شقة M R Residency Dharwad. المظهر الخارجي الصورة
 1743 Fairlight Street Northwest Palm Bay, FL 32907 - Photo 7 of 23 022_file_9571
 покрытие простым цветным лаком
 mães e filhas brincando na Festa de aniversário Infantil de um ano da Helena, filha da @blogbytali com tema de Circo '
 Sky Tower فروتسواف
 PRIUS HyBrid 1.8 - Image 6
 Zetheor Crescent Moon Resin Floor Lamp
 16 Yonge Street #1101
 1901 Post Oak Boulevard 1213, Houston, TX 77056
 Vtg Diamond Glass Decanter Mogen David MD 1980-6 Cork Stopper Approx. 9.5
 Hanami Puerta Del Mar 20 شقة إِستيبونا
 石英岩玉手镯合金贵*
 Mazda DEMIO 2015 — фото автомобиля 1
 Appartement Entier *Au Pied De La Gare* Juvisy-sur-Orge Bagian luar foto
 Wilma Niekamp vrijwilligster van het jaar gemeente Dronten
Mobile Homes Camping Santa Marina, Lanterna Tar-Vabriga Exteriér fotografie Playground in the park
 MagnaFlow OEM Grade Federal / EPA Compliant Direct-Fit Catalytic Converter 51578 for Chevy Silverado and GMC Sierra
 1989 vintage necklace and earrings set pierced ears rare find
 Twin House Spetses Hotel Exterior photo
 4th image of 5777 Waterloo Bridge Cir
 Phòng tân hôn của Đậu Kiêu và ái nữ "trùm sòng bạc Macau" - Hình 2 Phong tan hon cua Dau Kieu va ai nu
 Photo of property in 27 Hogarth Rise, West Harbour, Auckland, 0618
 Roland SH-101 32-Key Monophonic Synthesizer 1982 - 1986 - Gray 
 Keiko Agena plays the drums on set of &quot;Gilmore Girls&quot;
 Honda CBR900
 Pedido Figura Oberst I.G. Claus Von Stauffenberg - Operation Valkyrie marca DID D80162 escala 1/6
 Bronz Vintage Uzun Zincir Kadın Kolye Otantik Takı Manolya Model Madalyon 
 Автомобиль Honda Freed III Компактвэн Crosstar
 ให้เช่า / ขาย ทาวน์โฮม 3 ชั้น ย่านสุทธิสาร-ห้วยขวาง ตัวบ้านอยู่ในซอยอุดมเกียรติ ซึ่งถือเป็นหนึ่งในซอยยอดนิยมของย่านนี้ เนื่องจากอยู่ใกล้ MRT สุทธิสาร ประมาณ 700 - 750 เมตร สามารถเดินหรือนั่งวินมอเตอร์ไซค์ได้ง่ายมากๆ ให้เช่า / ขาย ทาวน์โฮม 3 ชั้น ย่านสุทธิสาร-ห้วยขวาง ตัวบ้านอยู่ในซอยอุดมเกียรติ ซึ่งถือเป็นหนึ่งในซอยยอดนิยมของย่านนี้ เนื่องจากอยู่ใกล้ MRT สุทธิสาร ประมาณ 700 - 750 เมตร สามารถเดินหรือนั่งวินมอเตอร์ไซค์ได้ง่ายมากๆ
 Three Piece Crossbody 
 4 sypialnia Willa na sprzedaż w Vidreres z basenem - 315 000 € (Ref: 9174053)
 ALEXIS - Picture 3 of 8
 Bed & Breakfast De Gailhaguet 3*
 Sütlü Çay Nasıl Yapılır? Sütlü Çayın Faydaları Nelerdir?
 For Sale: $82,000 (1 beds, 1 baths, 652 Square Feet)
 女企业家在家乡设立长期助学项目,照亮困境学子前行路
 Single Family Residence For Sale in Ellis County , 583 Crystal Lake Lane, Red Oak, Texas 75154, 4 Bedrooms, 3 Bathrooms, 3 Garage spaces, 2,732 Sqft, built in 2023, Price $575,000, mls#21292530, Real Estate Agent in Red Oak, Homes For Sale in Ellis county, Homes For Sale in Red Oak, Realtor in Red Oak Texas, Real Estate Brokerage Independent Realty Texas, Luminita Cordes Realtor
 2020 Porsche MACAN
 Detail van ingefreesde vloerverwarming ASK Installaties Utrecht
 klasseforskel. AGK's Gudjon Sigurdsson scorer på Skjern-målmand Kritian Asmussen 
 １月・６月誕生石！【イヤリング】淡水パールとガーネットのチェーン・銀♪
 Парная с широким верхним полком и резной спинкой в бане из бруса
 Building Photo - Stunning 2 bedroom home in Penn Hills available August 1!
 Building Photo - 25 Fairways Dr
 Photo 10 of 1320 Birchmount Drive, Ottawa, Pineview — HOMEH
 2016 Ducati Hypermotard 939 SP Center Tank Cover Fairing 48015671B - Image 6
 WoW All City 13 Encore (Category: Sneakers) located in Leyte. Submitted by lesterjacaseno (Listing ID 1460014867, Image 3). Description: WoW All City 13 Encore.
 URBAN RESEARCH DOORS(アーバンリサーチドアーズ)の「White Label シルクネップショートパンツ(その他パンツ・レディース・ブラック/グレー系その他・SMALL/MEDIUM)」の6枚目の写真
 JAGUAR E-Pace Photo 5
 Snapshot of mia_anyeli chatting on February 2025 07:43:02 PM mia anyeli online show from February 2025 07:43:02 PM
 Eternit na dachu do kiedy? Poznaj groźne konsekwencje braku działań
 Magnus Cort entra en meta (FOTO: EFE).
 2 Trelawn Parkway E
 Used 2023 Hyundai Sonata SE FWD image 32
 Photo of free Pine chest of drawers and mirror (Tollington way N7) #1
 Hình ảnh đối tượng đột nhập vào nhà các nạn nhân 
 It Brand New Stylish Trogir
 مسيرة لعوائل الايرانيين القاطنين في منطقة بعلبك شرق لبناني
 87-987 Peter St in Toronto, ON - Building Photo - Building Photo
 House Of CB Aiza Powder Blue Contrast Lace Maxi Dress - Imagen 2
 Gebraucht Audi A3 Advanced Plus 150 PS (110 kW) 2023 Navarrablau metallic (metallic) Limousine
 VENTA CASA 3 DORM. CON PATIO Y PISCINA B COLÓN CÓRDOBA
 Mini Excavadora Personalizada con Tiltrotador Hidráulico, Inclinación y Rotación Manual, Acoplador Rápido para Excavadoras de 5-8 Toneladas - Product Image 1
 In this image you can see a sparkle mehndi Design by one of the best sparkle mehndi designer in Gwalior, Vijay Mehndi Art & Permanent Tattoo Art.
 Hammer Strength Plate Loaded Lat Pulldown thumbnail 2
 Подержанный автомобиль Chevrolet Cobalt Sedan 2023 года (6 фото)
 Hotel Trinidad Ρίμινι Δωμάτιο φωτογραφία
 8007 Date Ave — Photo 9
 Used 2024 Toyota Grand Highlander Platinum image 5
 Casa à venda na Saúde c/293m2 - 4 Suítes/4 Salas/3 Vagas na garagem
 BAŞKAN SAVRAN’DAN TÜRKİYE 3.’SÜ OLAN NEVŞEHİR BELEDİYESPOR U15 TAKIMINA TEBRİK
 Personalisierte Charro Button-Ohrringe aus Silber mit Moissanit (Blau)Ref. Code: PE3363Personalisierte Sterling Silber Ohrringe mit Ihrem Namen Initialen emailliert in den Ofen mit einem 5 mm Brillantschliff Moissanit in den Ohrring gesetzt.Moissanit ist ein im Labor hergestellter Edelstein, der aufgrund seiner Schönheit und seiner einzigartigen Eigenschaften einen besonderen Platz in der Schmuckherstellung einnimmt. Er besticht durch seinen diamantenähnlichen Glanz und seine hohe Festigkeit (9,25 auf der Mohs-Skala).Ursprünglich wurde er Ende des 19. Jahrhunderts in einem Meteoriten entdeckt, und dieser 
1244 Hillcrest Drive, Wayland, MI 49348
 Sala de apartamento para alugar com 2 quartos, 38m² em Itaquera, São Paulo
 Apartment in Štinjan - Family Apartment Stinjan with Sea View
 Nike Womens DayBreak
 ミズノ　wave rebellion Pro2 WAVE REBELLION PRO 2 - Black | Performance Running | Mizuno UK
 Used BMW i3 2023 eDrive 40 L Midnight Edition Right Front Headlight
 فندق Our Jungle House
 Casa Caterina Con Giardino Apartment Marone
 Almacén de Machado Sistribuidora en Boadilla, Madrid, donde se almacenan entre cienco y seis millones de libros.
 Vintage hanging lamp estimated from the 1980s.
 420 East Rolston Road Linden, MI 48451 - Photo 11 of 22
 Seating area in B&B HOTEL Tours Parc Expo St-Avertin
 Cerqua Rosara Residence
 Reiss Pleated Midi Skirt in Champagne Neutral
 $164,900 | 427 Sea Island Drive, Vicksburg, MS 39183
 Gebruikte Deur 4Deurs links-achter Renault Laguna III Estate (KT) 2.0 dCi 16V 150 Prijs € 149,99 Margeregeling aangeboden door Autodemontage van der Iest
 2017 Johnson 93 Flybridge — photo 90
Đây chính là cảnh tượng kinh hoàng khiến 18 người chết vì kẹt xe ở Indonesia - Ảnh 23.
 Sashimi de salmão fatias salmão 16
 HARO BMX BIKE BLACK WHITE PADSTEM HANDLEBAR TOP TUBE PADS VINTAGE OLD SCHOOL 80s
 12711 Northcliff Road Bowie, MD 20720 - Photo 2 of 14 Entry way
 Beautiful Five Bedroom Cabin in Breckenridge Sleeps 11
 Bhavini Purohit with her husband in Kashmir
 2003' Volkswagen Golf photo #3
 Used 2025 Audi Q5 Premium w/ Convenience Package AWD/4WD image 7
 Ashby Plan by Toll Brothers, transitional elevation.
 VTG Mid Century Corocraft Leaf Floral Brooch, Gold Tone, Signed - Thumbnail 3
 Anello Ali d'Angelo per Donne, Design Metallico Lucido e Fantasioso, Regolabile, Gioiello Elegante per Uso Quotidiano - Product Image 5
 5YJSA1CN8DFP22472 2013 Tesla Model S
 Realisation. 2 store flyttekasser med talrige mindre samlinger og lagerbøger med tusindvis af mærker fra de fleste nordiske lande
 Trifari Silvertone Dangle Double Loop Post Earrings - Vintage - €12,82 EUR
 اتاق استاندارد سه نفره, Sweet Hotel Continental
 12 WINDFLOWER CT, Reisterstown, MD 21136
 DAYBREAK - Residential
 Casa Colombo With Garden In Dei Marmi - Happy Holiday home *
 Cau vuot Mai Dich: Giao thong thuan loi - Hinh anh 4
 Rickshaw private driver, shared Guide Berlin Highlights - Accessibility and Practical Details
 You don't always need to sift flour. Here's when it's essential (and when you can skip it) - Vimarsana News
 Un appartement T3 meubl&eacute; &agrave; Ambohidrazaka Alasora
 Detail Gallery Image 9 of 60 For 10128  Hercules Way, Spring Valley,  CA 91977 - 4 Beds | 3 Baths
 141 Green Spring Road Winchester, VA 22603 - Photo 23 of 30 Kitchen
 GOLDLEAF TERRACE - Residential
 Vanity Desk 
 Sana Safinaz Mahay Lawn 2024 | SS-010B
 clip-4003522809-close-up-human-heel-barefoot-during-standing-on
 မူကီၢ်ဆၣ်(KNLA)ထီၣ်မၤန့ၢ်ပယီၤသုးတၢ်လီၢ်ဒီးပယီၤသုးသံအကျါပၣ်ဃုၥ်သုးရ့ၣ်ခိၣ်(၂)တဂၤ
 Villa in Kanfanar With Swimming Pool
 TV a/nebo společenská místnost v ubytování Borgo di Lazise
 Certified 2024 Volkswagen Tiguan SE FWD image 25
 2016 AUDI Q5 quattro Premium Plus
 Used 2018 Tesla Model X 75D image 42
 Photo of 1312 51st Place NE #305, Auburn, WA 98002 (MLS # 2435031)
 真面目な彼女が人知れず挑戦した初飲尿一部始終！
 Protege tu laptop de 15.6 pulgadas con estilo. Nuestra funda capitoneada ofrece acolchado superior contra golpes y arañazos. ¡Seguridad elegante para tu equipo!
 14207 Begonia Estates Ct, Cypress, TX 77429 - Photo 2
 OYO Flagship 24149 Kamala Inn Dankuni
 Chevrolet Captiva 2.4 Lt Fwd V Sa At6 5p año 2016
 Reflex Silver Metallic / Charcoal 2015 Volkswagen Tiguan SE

● ● ● ●

Problem to work on:
In your reply, restate exactly the lines from the start of the records above through the line holding "Pedido Figura Oberst", including both, and nothing else.

Exercise answer:
شقة M R Residency Dharwad. المظهر الخارجي الصورة
 1743 Fairlight Street Northwest Palm Bay, FL 32907 - Photo 7 of 23 022_file_9571
 покрытие простым цветным лаком
 mães e filhas brincando na Festa de aniversário Infantil de um ano da Helena, filha da @blogbytali com tema de Circo '
 Sky Tower فروتسواف
 PRIUS HyBrid 1.8 - Image 6
 Zetheor Crescent Moon Resin Floor Lamp
 16 Yonge Street #1101
 1901 Post Oak Boulevard 1213, Houston, TX 77056
 Vtg Diamond Glass Decanter Mogen David MD 1980-6 Cork Stopper Approx. 9.5
 Hanami Puerta Del Mar 20 شقة إِستيبونا
 石英岩玉手镯合金贵*
 Mazda DEMIO 2015 — фото автомобиля 1
 Appartement Entier *Au Pied De La Gare* Juvisy-sur-Orge Bagian luar foto
 Wilma Niekamp vrijwilligster van het jaar gemeente Dronten
Mobile Homes Camping Santa Marina, Lanterna Tar-Vabriga Exteriér fotografie Playground in the park
 MagnaFlow OEM Grade Federal / EPA Compliant Direct-Fit Catalytic Converter 51578 for Chevy Silverado and GMC Sierra
 1989 vintage necklace and earrings set pierced ears rare find
 Twin House Spetses Hotel Exterior photo
 4th image of 5777 Waterloo Bridge Cir
 Phòng tân hôn của Đậu Kiêu và ái nữ "trùm sòng bạc Macau" - Hình 2 Phong tan hon cua Dau Kieu va ai nu
 Photo of property in 27 Hogarth Rise, West Harbour, Auckland, 0618
 Roland SH-101 32-Key Monophonic Synthesizer 1982 - 1986 - Gray 
 Keiko Agena plays the drums on set of &quot;Gilmore Girls&quot;
 Honda CBR900
 Pedido Figura Oberst I.G. Claus Von Stauffenberg - Operation Valkyrie marca DID D80162 escala 1/6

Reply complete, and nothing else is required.